Why? Overnight I read that Neustar (effective owner of AusRegistry) has entered into an agreement to sell out to a private investment group in the USA. If it does proceed to finalisation, this is envisaged for the 3rd quarter in 2017.

This is a snippet from Michael Berkens at “The Domains”:

“Neustar, Inc. (NSR),  today announced that it has entered into a definitive agreement to be acquired by a private investment group led by Golden Gate Capital in a transaction valued at approximately $2.9 billion.”

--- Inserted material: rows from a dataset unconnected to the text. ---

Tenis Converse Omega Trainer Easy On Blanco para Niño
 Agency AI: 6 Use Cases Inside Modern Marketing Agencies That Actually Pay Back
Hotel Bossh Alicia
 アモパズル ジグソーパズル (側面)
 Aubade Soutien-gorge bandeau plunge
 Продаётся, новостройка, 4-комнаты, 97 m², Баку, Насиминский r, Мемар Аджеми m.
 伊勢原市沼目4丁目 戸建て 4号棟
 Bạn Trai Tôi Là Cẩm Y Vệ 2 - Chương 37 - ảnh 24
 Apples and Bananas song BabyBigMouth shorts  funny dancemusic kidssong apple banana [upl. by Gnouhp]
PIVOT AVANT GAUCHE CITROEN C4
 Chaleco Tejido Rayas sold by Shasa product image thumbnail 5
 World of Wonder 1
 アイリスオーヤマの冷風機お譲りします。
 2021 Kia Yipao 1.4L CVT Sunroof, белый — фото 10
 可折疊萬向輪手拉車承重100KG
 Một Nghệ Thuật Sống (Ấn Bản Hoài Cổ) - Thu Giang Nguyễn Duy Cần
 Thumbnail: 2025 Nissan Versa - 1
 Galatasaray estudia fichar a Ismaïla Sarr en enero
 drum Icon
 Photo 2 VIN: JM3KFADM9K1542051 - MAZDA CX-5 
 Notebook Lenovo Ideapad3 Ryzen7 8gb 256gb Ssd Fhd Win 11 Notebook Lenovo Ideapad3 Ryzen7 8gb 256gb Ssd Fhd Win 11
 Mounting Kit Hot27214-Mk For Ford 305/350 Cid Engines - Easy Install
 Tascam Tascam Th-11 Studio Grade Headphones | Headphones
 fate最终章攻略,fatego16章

And this from Andrew Allemann at Domain Name Wire:

“The deal comes at a pivotal time for the company, which is about to lose its $500-million-a-year Number Portability Administration Center (NPAC) contract with the U.S. government. It has been on an acquisition binge to grow revenue in anticipation of losing the contract. Among the domain name companies it has acquired are .co and Bombora Technologies (which owns ARI Services).”

Here’s The Thing

I’m not a lawyer, but I do know that it is commonplace for any service agreement to have provisions about assignment and “change of control”. So I went and had a look at the Registry Licence Agreement document as proposed by auDA back in 2005.

And sure enough, here they are:

The definition of “Relevant Control” in the same document is this:

My Conclusion

If auDA is trying to justify their sudden haste (and backflip) to try and strike a new deal with the current operator, then this surely has to put a spanner in the works.

There must be Australian owned enterprises that would like to have the opportunity to at least be considered for the tender?

The simple fact is this. If you go out to tender, you see who else may be interested. And it’s going to be a “big pie” – particularly if direct registrations are part of the mix.

Nothing to stop AusRegistry / Bombora / Neustar / Golden Gate Capital putting in a tender. And given their past experience, they should be in the box seat.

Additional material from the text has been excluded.